Welfare schemes for vulnerable sections of the population by the Centre and States and the performance of these schemes; mechanisms, laws, institutions and bodies constituted for the protection and betterment of these vulnerable sections
General Studies 3
Indian Economy and issues relating to planning, mobilization of resources, growth, development and employment.
Major crops cropping patterns in various parts of the country, different types of irrigation and irrigation systems storage, transport and marketing of agricultural produce and issues and related constraints
Partnership approach to double the farm income
In an unprecedented initiative, the government has set an ambitious target of doubling farmers’ income. However, this needs a new redefined approach of fortifying partnerships amongst stakeholders to make this target a reality.
To boost the agricultural sector, the government has set goal of doubling farmers’ income by 2022.
To achieve it, it has unveiled various strategies like focus on irrigation for quality inputs, investments in warehousing and cold chains, promotion of food processing and crop insurance schemes, among others.
However, the basic need is to transform the agriculture sector from production-driven system to a demand-driven food value chain.
Making the transformation possible
For such transformational impact, there will have to be new approaches, innovations, and increasing alignment and collaboration with all stakeholders in the food system.
Integrated value chains that connect farm to plate, competitive markets that provide better prices to farmers and an enabling environment that supports innovation and action will be required.
However, this will require collaboration between all the stakeholders government, private sector or civil society. None of them can work solitarily as newer realities like climate change and increasing pressure on land and water resources will have to be tackled by forging partnerships and consensus.
So, there should be combining of competencies of diverse organizations and stakeholders to create better alignment through partnership platforms which can generate much greater impact.

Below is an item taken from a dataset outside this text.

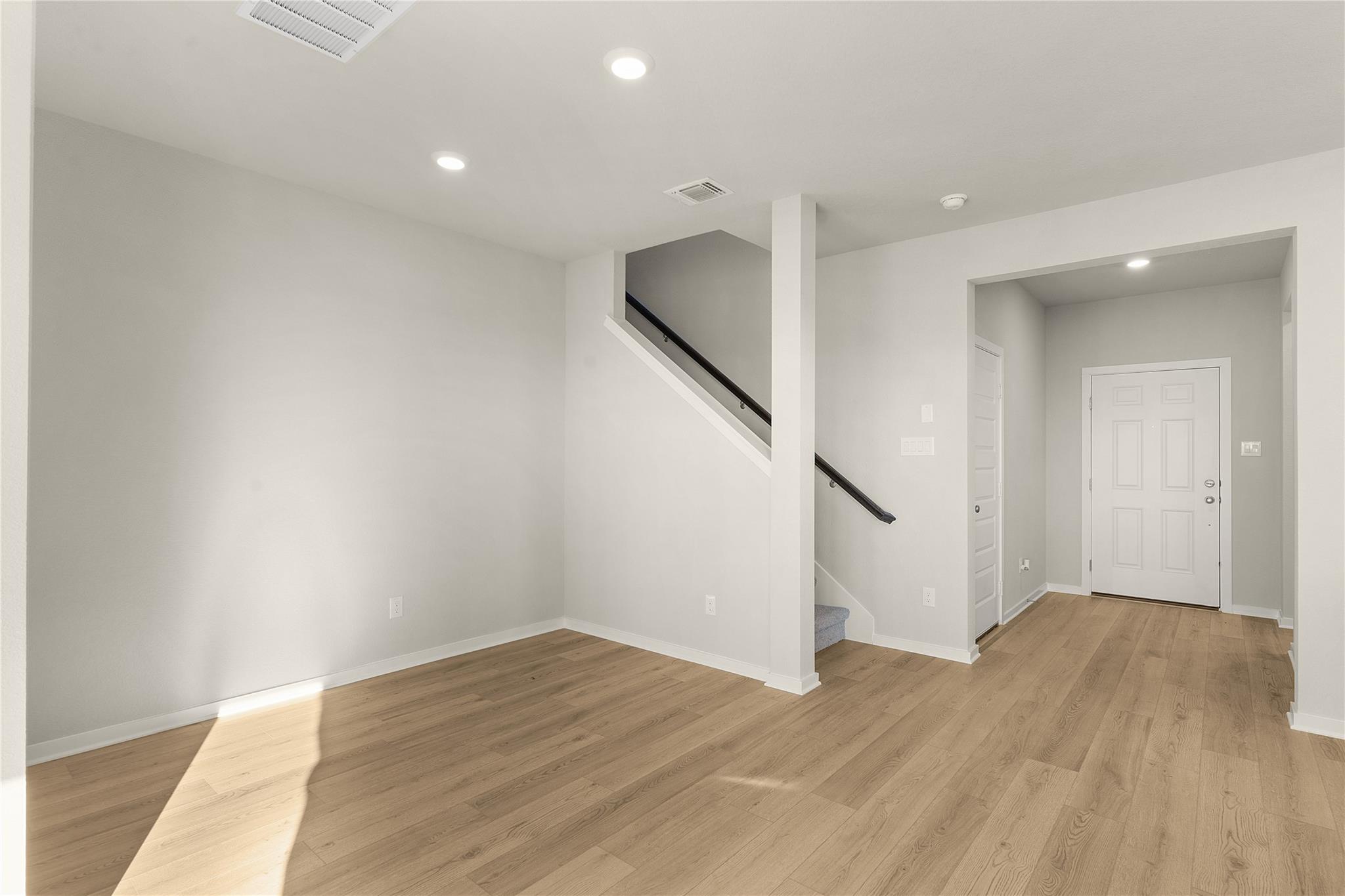 25605 Flora Bella LN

It includes leveraging of greater investments, development of new innovative collaboration models that combine knowledge and resources of diverse stakeholders and sharing of best practices, risks and mutual accountability for results.
Role model States
Such partnerships are being developed in states like Andhra Pradesh, Karnataka and Maharashtra.
These state-level platforms bring together government + private sector + farmer organizations + society to create a shared vision and jointly develop solutions for integrated value chain projects that will provide more opportunities for farmers.
Currently, more than 20 organizations are engaged in these state partnerships ranging across the value chain from input companies to processors and retailers and from global multinational corporations to local small and medium enterprises and farmer producer organizations.
Maharashtra initiated this partnership model in 2012 under GoI’s public-private partnership for integrated agriculture development (PPPIAD) This programme aimed at developing an integrated value chain for specific crops.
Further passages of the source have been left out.